Convertida al cristianismo la ciudad de Nantes, no se olvidó de sus
mártires. Se construyó una iglesia en su honor y fueron designados patronos
de la ciudad. San Gregorio de Tours nos dice que cuando Clodoveo era aún
pagano, puso sitio a Nantes, estableciendo un cerco estrechísimo, pues es-
taba decidido a conquistarla. A los dos meses, todavía resistían sus habitantes
a las poderosas armas del rey de los francos; iban por fin a sucumbir sin
esperanza de socorro humano. En aquel trance, acudieron al Cielo por in-
tercesión de sus santos Patronos. Toda la ciudad rezaba fervorosamente.
Al día siguiente debía entregarse.
Sucedió, pues, que durante la noche las puertas de la basílica de los
Santos Donaciano y Rogaciano se abrieron y unos personajes vestidos de
blanco, cirio en mano, salieron del recinto sagrado.

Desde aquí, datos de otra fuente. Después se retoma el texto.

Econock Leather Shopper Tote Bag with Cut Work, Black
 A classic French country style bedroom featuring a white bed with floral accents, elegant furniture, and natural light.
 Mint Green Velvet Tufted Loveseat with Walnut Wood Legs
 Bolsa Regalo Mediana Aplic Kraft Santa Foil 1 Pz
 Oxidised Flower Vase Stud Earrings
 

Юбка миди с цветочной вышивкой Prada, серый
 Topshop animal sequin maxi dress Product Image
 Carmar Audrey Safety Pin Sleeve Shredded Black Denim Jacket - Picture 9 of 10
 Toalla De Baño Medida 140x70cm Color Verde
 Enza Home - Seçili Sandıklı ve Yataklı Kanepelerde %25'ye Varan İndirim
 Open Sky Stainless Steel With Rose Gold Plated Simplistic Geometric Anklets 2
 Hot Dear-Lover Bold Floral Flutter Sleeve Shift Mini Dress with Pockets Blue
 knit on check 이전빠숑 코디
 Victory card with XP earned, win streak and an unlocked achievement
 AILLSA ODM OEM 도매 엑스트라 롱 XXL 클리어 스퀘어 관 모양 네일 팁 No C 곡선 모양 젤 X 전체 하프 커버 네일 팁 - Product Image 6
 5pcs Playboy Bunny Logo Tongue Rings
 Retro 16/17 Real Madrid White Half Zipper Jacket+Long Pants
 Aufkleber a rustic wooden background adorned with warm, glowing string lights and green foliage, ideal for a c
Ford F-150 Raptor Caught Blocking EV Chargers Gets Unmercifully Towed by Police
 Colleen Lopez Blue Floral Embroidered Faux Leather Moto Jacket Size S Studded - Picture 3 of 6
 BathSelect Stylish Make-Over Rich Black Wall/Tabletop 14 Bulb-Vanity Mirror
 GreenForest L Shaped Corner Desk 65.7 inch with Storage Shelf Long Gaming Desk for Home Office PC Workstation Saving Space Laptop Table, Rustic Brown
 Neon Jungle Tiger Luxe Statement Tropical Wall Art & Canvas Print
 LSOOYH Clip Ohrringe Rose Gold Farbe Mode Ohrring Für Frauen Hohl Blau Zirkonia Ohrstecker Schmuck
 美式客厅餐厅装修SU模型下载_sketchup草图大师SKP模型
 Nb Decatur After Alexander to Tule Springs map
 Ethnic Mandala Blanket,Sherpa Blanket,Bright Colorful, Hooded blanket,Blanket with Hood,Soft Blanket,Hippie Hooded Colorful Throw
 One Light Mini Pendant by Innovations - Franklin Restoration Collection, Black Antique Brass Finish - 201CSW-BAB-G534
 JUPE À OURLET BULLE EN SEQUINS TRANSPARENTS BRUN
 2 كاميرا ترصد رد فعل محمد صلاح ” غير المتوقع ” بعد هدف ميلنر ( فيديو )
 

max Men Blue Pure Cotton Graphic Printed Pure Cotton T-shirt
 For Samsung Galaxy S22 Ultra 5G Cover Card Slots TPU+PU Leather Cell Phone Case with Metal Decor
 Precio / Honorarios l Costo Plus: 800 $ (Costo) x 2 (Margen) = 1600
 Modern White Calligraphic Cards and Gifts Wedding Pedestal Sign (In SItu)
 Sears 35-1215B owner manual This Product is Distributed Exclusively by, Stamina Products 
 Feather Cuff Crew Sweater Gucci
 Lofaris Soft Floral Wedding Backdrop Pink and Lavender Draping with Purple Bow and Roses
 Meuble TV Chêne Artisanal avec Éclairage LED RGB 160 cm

El mismo suceso misterioso se repite poco después en la iglesia de San
Similiano, saliendo análogo cortejo. Ambos grupos marchan en procesión;
se juntan, se dan un saludo afectuoso y, cayendo de rodillas, se ponen a
rezar; luego vuelven en el mismo orden, desapareciendo la visión a medida
que entran en sus respectivas iglesias. Con esto, el enemigo huyó despavorido
en el más completo desorden y con tal rapidez, que al amanecer todos los
sitiadores habían desaparecido, con gran regocijo para la ciudad de Nantes.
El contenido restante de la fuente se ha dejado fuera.